Strategic Plan for Biodiversity 2011-2020, including Aichi Biodiversity Targets

TARGET 19 - Technical Rationale extended (provided in document COP/10/INF/12/Rev.1)

Strategic Goal E: Enhance implementation through participatory planning, knowledge management and capacity building

Target 19: By 2020, knowledge, the science base and technologies relating to biodiversity, its values, functioning, status and trends, and the consequences of its loss, are improved, widely shared and transferred, and applied.
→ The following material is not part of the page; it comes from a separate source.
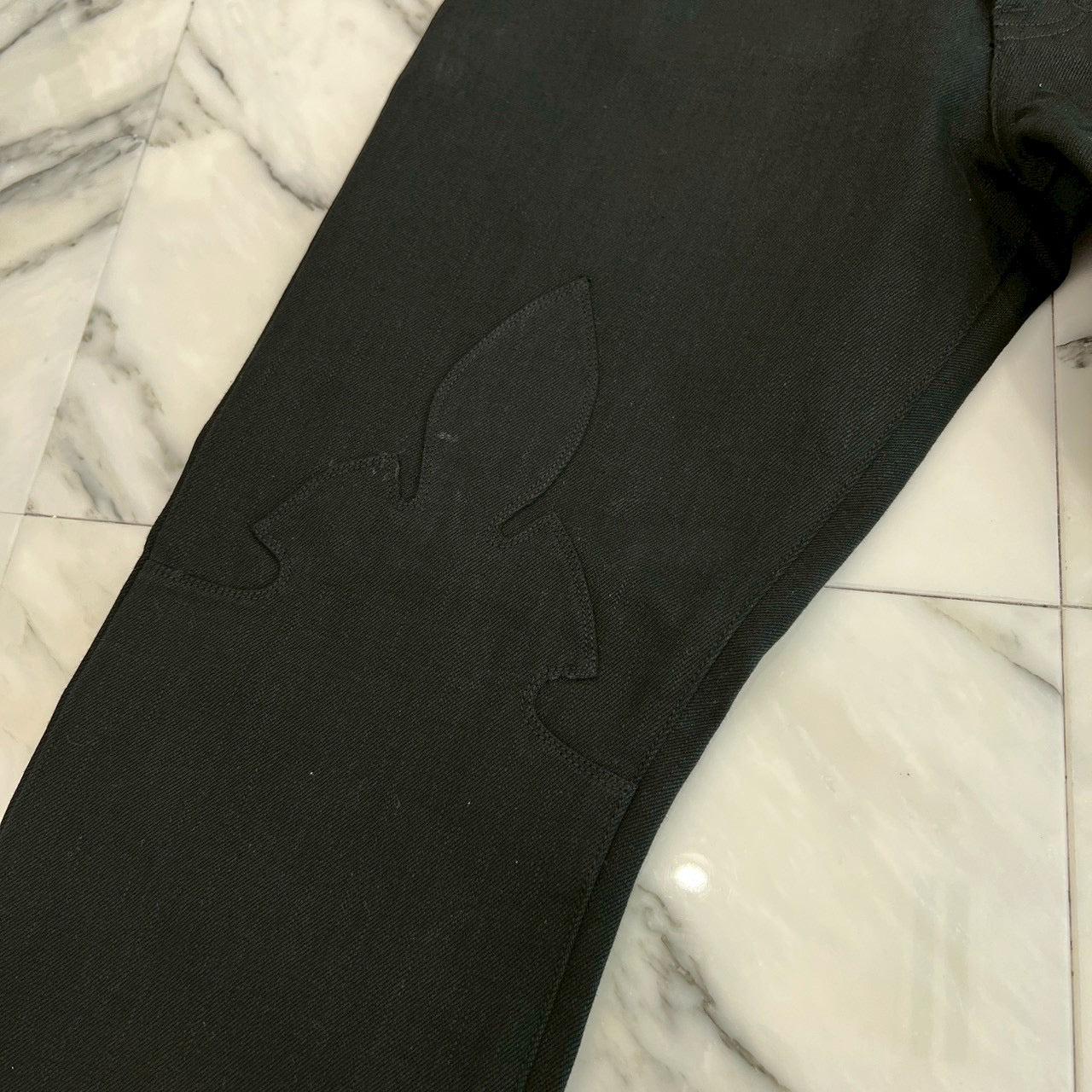 CHROME HEARTS Flare Knee Cross Ball Button Denim Pants Size 31 クロムハーツ フレアニー クロスボールボタン デニムパンツ サイズ31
Technical rationale: Each country needs access to information to identify threats to biodiversity and determine priorities for conservation and sustainable use. While nearly all Parties report that they are taking actions related to monitoring and research, most also indicate that the absence or difficulty in accessing scientific information is an obstacle to the implementation of the goals of the Convention. Action taken to reach this target will also benefit the other targets of the Strategic Plan by encouraging new research, the development of new technologies and improved monitoring. Such actions will strengthen the policy-science interface and will contribute to the fulfilment of the other elements of the Strategic Plan.

Implementation: For knowledge that is already available, access could be improved through the further development of the clearing-house mechanism at national and global levels. Relevant information includes biodiversity-related data as well as tools and methodologies for biodiversity conservation, sustainable use and benefit sharing, and case-studies of their use. Further efforts are also needed, at multiple scales, to improve biodiversity-related knowledge and reduce uncertainties around the relationship between biodiversity change, ecosystem services and impacts on human well-being. With regards to the sharing of technologies related to biodiversity, this should be consistent with Article 16 of the Convention. This requires substantial investment in global and national biodiversity observation networks, implementation of the Global Taxonomy Initiative, and further investment in research, including modelling and participatory research. Improvements are also needed in the science-policy interface.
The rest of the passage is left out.